Description of the task: Word for word, restate every record.

Data extracts:

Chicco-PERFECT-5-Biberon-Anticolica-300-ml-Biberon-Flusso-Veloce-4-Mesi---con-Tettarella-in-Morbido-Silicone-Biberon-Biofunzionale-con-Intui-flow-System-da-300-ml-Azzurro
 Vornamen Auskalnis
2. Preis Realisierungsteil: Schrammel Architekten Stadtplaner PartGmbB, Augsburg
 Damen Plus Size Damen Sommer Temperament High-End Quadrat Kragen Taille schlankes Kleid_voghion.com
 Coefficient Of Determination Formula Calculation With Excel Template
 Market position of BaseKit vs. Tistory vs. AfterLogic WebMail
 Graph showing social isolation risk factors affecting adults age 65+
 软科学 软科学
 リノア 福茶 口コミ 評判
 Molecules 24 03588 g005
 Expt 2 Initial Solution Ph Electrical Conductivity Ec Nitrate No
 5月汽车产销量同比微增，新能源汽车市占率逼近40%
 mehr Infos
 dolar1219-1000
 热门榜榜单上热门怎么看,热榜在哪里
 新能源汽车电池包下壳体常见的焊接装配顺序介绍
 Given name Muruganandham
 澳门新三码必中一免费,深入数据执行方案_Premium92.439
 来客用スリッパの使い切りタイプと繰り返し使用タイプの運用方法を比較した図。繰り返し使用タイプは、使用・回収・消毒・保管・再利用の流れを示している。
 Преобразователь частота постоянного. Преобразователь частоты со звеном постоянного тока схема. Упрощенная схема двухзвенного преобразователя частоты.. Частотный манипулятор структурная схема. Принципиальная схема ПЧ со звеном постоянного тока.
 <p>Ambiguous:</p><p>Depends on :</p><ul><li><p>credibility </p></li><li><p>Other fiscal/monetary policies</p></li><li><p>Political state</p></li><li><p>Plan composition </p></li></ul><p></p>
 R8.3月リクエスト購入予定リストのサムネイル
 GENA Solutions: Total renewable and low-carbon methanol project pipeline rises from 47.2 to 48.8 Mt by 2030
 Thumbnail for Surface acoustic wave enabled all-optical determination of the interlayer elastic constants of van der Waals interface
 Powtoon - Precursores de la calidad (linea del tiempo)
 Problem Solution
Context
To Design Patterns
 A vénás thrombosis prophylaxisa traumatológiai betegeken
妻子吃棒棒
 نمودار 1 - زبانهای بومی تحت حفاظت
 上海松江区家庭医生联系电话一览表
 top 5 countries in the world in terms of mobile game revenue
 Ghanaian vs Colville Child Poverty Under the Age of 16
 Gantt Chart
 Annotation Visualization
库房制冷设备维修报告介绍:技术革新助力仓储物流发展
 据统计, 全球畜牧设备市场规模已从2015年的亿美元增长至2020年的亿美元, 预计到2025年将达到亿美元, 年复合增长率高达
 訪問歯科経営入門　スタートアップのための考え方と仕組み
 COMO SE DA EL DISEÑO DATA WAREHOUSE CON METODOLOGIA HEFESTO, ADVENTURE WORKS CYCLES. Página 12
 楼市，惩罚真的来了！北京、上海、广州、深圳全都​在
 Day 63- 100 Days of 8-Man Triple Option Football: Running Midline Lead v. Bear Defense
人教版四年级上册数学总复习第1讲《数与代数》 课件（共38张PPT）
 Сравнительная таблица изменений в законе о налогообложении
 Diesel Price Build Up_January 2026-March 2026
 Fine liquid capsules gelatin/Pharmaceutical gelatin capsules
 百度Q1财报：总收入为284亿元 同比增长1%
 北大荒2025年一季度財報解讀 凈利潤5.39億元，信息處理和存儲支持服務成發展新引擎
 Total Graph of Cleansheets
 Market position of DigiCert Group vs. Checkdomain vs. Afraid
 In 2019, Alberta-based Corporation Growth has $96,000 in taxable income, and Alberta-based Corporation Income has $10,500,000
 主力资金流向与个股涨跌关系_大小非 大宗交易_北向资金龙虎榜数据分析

Exercise response:
Chicco-PERFECT-5-Biberon-Anticolica-300-ml-Biberon-Flusso-Veloce-4-Mesi---con-Tettarella-in-Morbido-Silicone-Biberon-Biofunzionale-con-Intui-flow-System-da-300-ml-Azzurro
 Vornamen Auskalnis
2. Preis Realisierungsteil: Schrammel Architekten Stadtplaner PartGmbB, Augsburg
 Damen Plus Size Damen Sommer Temperament High-End Quadrat Kragen Taille schlankes Kleid_voghion.com
 Coefficient Of Determination Formula Calculation With Excel Template
 Market position of BaseKit vs. Tistory vs. AfterLogic WebMail
 Graph showing social isolation risk factors affecting adults age 65+
 软科学 软科学
 リノア 福茶 口コミ 評判
 Molecules 24 03588 g005
 Expt 2 Initial Solution Ph Electrical Conductivity Ec Nitrate No
 5月汽车产销量同比微增，新能源汽车市占率逼近40%
 mehr Infos
 dolar1219-1000
 热门榜榜单上热门怎么看,热榜在哪里
 新能源汽车电池包下壳体常见的焊接装配顺序介绍
 Given name Muruganandham
 澳门新三码必中一免费,深入数据执行方案_Premium92.439
 来客用スリッパの使い切りタイプと繰り返し使用タイプの運用方法を比較した図。繰り返し使用タイプは、使用・回収・消毒・保管・再利用の流れを示している。
 Преобразователь частота постоянного. Преобразователь частоты со звеном постоянного тока схема. Упрощенная схема двухзвенного преобразователя частоты.. Частотный манипулятор структурная схема. Принципиальная схема ПЧ со звеном постоянного тока.
 <p>Ambiguous:</p><p>Depends on :</p><ul><li><p>credibility </p></li><li><p>Other fiscal/monetary policies</p></li><li><p>Political state</p></li><li><p>Plan composition </p></li></ul><p></p>
 R8.3月リクエスト購入予定リストのサムネイル
 GENA Solutions: Total renewable and low-carbon methanol project pipeline rises from 47.2 to 48.8 Mt by 2030
 Thumbnail for Surface acoustic wave enabled all-optical determination of the interlayer elastic constants of van der Waals interface
 Powtoon - Precursores de la calidad (linea del tiempo)
 Problem Solution
Context
To Design Patterns
 A vénás thrombosis prophylaxisa traumatológiai betegeken
妻子吃棒棒
 نمودار 1 - زبانهای بومی تحت حفاظت
 上海松江区家庭医生联系电话一览表
 top 5 countries in the world in terms of mobile game revenue
 Ghanaian vs Colville Child Poverty Under the Age of 16
 Gantt Chart
 Annotation Visualization
库房制冷设备维修报告介绍:技术革新助力仓储物流发展
 据统计, 全球畜牧设备市场规模已从2015年的亿美元增长至2020年的亿美元, 预计到2025年将达到亿美元, 年复合增长率高达
 訪問歯科経営入門　スタートアップのための考え方と仕組み
 COMO SE DA EL DISEÑO DATA WAREHOUSE CON METODOLOGIA HEFESTO, ADVENTURE WORKS CYCLES. Página 12
 楼市，惩罚真的来了！北京、上海、广州、深圳全都​在
 Day 63- 100 Days of 8-Man Triple Option Football: Running Midline Lead v. Bear Defense
人教版四年级上册数学总复习第1讲《数与代数》 课件（共38张PPT）
 Сравнительная таблица изменений в законе о налогообложении
 Diesel Price Build Up_January 2026-March 2026
 Fine liquid capsules gelatin/Pharmaceutical gelatin capsules
 百度Q1财报：总收入为284亿元 同比增长1%
 北大荒2025年一季度財報解讀 凈利潤5.39億元，信息處理和存儲支持服務成發展新引擎
 Total Graph of Cleansheets
 Market position of DigiCert Group vs. Checkdomain vs. Afraid
 In 2019, Alberta-based Corporation Growth has $96,000 in taxable income, and Alberta-based Corporation Income has $10,500,000
 主力资金流向与个股涨跌关系_大小非 大宗交易_北向资金龙虎榜数据分析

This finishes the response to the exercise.